健康意識の高まりとともに日常的に取り入れられている「健康食品」は、ドラッグストアやスーパー、さらには通販サイトでも目にする機会が多くなり、「体に良さそう」「なんとなく安心できる」というイメージから手に取る人も少なくありません。しかし、「健康食品」の定義や種類についてきちんと理解している人は案外少ないのではないでしょうか。本記事では、健康食品の基本的な定義から購入・摂取する際のポイントまでをわかりやすく解説します。
健康食品とは?
「健康食品」という言葉は、実は法律上の定義が明確に定められているわけではありません。一般的には、医薬品以外で日常の食生活における栄養補給や健康維持、さらには特定の機能をサポートする目的で摂取される食品を広く指しています。
健康食品の種類
健康食品は大きく4つのカテゴリーに分類されます。中でも「保健機能食品制度」に基づいた3つのカテゴリーは、表示や販売に関して一定のルールが定められています。
1. 特定保健用食品(通称「トクホ」)」
特定保健用食品(通称「トクホ」)」とは、「特定の保健の目的が期待できる食品」として、国(消費者庁)から個別に許可された商品を指します。科学的根拠に基づき、「おなかの調子を整える」「血圧が高めの方に適している」など、明確な健康効果を表示できるのが最大の特徴です。商品には「トクホマーク」がついているため、消費者が一目で識別できるのもメリットです。
2. 栄養機能食品
栄養機能食品は、特定の栄養素(ビタミンやミネラルなど)について、一日当たりの摂取目安量の中に含まれる量の基準値が定められており、一定の基準量を満たす場合に限り、国に申請せずに機能性を表示できる食品です。
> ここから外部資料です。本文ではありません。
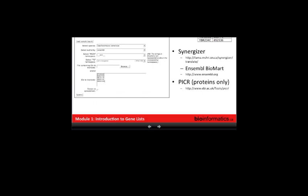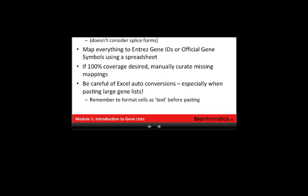There are identifier mapping services — websites where you can paste a whole bunch of genes and convert them to another set. Here I'm converting gene symbols to Entrez gene IDs using Synergizer. For quick recommendations: for proteins and genes, try to use gene identifiers — either Entrez gene IDs or the official gene symbol. You might need to use different websites to do conversion if you don't get 100% conversion, or manually curate the missing mappings. Be careful of Excel auto conversions — remember to format everything as text before pasting.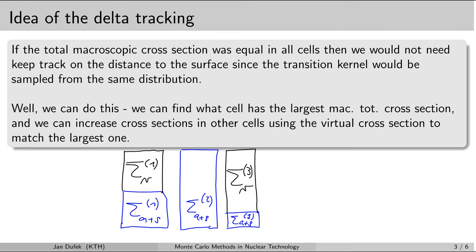Delta tracking really helps when the system contains cells with materials that have approximately the same total macroscopic cross-section, so that very few cells require a large virtual cross-section. For instance, the example system shown would perhaps not be a good candidate for delta tracking because two cells contain a very large virtual cross-section. But in cases where materials in the system have a very similar total macroscopic cross-section, delta tracking can really improve the efficiency of the simulation a lot.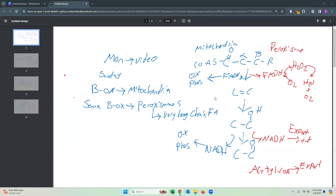Let's get started with our online lecture. So what did we cover on Friday? We ended our fatty acid synthesis chapter. The first thing we talked about is that long fatty acids can be broken down in the peroxisome. The difference is you make hydrogen peroxide, NADH needs to be exported out, and your acetyl coenzyme A needs to be exported out because the peroxisome does not have your oxidative phosphorylation enzymes.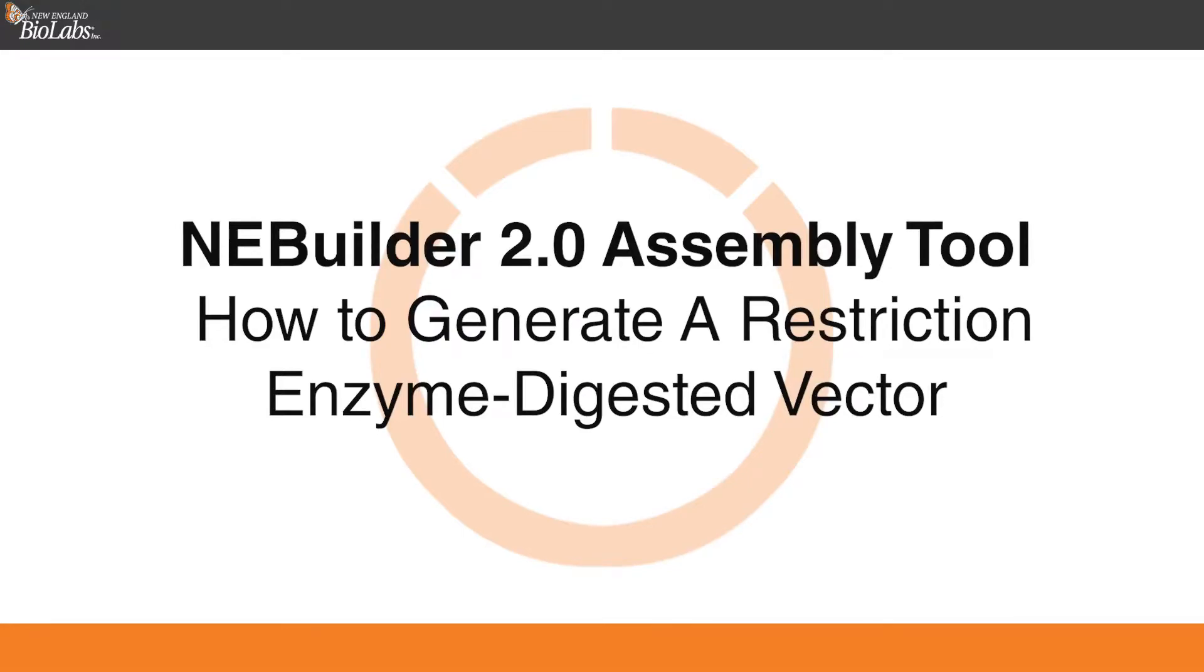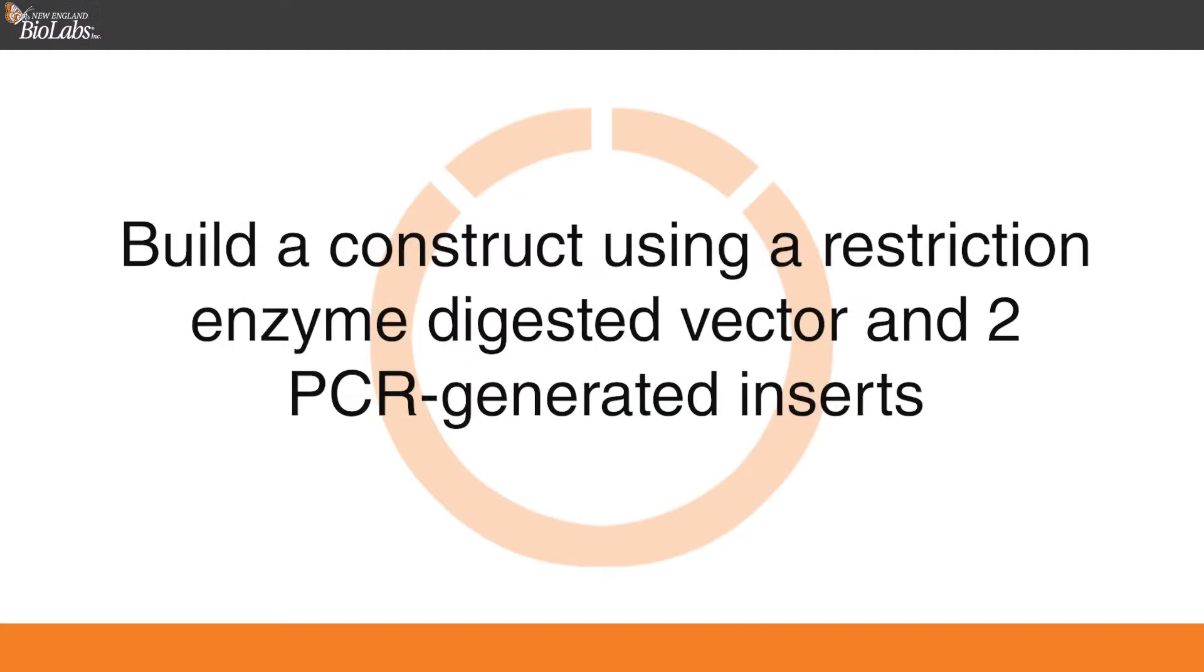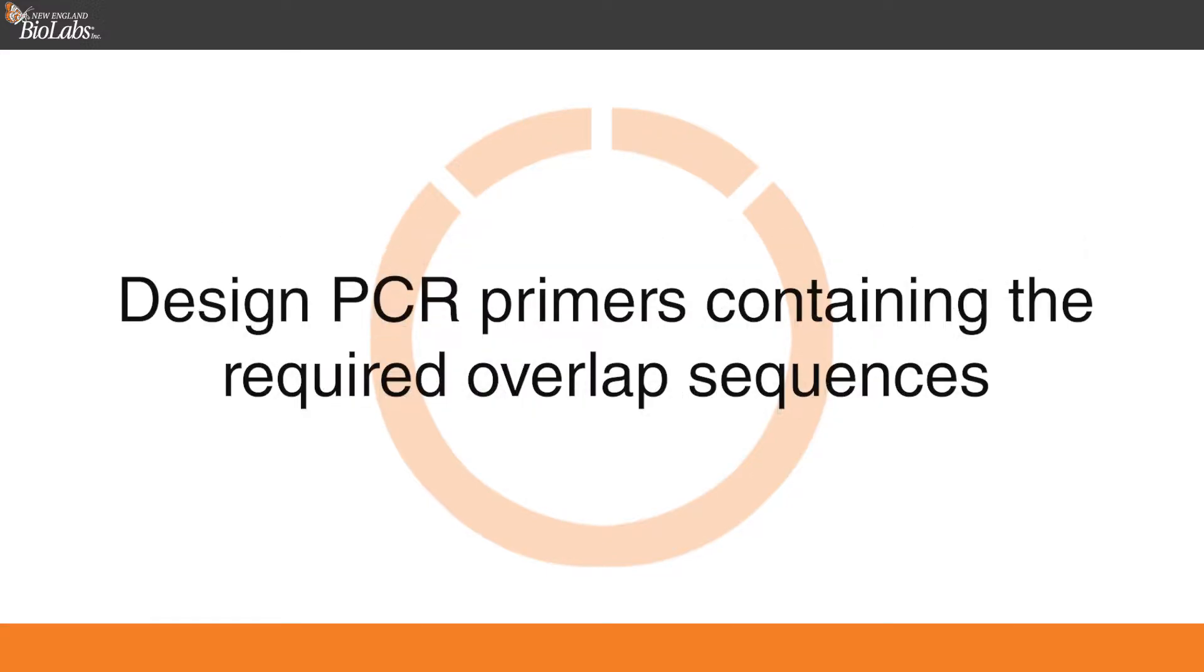AnyBuilder 2.0, generating the vector by restriction enzyme digestion. In this video, we will demonstrate how to use the AnyBuilder assembly tool to build a construct using a restriction enzyme digested vector and two PCR generated inserts. The tool will help to design PCR primers containing the required overlap sequences.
機能を表示することができる栄養成分としては、下記の20種類になります。
脂肪酸:n-3系脂肪酸
ミネラル:亜鉛、カリウム、カルシウム、鉄、銅、マグネシウム
ビタミン:ナイアシン、パントテン酸、ビオチン、ビタミンA、ビタミンB1、ビタミンB2、ビタミンB6、ビタミンB12 、ビタミンC、ビタミンD、ビタミンE、ビタミンK、葉酸
3. 機能性表示食品
機能性表示食品は、事業者の責任のもとに科学的根拠に基づいた機能性を表示した食品です。トクホとは異なり、国の審査は不要ですが、販売前に消費者庁への届け出が義務づけられています。
健康食品の選び方のポイント
健康食品を選ぶ際には、いくつかの大切な視点があります。以下の点を意識して選ぶことで、より安全かつ効果的に取り入れることができます。
health food selection- top view
目的を明確にする
まず第一に、「なぜその健康食品を摂取するのか」を明確にすることが大切です。栄養の補助が目的なのか、特定の健康機能をサポートしたいのかによって、選ぶべき種類が変わります。
信頼できる表示と実績を確認する
パッケージに表示されている内容をしっかり確認しましょう。トクホマークや機能性表示の記載、製造元の信頼性、販売実績などが選定基準になります。また、保健機能食品以外の健康食品の場合は、「GMPマーク」が付いている商品を選ぶと、製造工程の管理体制が整っている可能性が高く、一定の品質の目安になります。ただし、機能性や安全性を保証するものではない点に注意が必要です。
医師や薬剤師への相談も検討する
持病がある方や薬を服用中の方は、自己判断で健康食品を摂取する前に、かかりつけ医や薬剤師に相談しましょう。サプリメントとの相互作用によって薬の効き目に影響が出る場合もあります。
まとめ
健康食品は、私たちの健康的な生活をサポートする心強い存在ですが、その効果や安全性を正しく理解し、自分に合ったものを選ぶことが大切です。トクホ、栄養機能食品、機能性表示食品などの制度を活用し、信頼できる情報に基づいて選ぶことで、より安全で効果的な健康管理が可能になります。